The Red Turtle‘s simple but stunning story about humankind’s struggle against nature will appeal to audiences young and old. The film is completely dialogue free, so members of the community who speak different languages can appreciate its universal message together!

At its simplest level, the film is about a man who is isolated on an island and battles a giant turtle. Looking at it symbolically, Dutch illustrator, animator and director Michaël Dudok de Wit says that the man represents humankind and the turtle represents nature. In recorded interviews he calls it “a love letter to nature.” He also intended the story as a statement about the power of nature and about humankind reconnecting with nature.

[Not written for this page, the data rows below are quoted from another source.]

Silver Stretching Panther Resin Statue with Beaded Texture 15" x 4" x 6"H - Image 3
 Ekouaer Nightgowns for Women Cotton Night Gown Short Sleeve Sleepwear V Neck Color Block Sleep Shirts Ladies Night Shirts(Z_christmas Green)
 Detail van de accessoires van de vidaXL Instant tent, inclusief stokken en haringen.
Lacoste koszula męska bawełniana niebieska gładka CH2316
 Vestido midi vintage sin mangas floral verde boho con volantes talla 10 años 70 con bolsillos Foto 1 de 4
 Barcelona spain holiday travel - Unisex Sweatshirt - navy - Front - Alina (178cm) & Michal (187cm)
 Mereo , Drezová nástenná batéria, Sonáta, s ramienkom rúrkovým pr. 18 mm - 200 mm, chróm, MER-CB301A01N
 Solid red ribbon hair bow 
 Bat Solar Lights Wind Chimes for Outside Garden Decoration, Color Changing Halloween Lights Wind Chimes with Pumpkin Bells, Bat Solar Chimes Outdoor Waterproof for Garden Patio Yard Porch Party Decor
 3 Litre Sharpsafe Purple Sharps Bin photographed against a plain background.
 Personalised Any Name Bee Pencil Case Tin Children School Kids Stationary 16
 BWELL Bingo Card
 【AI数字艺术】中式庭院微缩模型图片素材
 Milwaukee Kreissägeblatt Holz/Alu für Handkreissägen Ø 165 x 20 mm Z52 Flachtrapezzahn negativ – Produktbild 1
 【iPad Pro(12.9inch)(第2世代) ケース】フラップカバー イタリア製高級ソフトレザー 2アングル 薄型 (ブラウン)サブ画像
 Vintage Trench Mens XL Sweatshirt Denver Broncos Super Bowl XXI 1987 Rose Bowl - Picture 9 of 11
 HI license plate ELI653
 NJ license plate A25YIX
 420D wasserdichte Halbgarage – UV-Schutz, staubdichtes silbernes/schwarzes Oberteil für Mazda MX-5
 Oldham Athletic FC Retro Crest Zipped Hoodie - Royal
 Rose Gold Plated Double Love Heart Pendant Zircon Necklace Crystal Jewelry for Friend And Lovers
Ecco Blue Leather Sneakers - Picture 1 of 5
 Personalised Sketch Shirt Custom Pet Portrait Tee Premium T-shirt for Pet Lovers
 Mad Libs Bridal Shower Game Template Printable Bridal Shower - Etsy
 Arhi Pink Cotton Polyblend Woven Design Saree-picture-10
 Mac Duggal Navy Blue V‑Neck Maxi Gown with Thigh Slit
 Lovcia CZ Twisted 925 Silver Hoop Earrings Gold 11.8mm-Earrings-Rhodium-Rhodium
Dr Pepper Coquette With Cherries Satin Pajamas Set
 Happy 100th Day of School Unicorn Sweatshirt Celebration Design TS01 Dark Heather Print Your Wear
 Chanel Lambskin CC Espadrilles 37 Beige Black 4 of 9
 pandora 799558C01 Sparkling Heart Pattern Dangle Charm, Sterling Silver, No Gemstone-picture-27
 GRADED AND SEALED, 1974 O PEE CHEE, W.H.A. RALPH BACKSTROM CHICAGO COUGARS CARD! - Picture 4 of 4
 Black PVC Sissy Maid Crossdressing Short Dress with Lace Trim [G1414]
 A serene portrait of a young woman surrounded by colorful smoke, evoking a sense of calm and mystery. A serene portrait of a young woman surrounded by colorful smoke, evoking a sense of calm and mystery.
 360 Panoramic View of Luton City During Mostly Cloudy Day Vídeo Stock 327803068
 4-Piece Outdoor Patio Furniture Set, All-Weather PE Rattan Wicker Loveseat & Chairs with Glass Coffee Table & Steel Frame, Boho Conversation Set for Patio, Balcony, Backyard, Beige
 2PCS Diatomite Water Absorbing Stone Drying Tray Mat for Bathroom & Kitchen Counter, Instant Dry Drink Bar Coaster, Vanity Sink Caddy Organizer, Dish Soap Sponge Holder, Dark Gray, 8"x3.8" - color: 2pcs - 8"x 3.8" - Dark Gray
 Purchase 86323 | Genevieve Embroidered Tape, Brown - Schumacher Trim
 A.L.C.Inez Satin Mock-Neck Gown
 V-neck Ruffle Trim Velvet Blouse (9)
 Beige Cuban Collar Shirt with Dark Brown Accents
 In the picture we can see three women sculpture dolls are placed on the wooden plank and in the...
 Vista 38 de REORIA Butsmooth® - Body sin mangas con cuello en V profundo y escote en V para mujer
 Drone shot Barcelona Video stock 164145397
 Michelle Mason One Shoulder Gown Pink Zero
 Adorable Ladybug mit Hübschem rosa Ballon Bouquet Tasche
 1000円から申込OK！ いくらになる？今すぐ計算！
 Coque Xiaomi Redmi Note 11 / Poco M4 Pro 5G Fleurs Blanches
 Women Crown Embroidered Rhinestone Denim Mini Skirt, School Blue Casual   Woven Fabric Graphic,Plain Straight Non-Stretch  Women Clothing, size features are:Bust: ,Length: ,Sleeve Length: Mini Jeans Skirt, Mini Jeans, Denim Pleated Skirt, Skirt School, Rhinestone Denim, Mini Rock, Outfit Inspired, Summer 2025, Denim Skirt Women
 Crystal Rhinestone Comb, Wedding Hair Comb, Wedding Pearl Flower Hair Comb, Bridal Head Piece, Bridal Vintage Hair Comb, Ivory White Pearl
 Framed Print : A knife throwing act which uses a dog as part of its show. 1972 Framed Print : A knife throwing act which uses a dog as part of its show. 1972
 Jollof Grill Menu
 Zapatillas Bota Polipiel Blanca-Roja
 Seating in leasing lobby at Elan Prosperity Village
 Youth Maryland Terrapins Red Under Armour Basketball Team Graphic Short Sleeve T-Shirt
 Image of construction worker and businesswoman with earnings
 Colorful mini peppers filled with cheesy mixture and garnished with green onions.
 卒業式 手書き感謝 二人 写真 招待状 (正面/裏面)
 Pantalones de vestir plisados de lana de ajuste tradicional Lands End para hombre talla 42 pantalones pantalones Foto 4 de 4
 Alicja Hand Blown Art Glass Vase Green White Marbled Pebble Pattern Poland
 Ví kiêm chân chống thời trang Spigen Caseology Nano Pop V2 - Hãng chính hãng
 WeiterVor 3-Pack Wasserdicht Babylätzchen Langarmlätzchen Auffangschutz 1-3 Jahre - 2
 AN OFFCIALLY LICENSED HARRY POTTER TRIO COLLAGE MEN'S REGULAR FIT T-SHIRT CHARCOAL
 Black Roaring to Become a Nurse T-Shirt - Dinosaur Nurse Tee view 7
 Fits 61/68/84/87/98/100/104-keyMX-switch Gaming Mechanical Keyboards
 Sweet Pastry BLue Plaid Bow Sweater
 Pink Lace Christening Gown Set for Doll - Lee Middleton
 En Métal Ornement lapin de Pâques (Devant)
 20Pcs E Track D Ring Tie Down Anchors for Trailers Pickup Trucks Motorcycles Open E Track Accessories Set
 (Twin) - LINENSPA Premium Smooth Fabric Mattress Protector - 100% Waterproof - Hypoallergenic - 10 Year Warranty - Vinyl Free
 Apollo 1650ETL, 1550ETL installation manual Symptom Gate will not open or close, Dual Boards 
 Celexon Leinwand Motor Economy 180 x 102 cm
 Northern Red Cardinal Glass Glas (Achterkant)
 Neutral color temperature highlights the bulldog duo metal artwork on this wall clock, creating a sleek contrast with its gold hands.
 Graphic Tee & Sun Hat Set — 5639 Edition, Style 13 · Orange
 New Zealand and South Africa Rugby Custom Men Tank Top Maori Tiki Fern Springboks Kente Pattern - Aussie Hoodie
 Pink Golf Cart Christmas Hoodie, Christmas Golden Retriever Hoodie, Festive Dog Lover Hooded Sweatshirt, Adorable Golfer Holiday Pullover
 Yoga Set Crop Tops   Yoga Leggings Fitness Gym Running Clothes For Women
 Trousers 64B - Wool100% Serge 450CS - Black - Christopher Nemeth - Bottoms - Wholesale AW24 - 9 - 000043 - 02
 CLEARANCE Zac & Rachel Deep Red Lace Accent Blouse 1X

The 80-minute animation was a hit at the 2016 Cannes Film Festival, critically acclaimed at its 2017 U.S. release, and later nominated for an Academy Award for Best Animated Feature. Rotten Tomatoes, a leading review website, gave it 94% and called it “…a beautifully animated effort whose deceptively simple story boasts narrative layers as richly absorbing as its lovely visuals.”

The Red Turtle appeals to viewers young and old, English-speakers and non-English speakers, casual movie-goers and analytical movie-goers. De Wit successfully uses visual storytelling and the characters’ face and body language to convey emotion in place of dialogue. He describes The Red Turtle as kid-friendly, though there is animal death which reviewers suggest will be appropriate for children age 10 and up.

Early arrivers can enjoy FREE POPCORN thanks to support from the Shenandoah Group of the Sierra Club! (Limited supply of free small popcorn for the first 33 guests).

Come celebrate our connection to Earth with your community this Earth Day!

Check out the movie trailer HERE.

Learn more about The Red Turtle in this interview with the movie’s director Michaël Dudok de Wit HERE.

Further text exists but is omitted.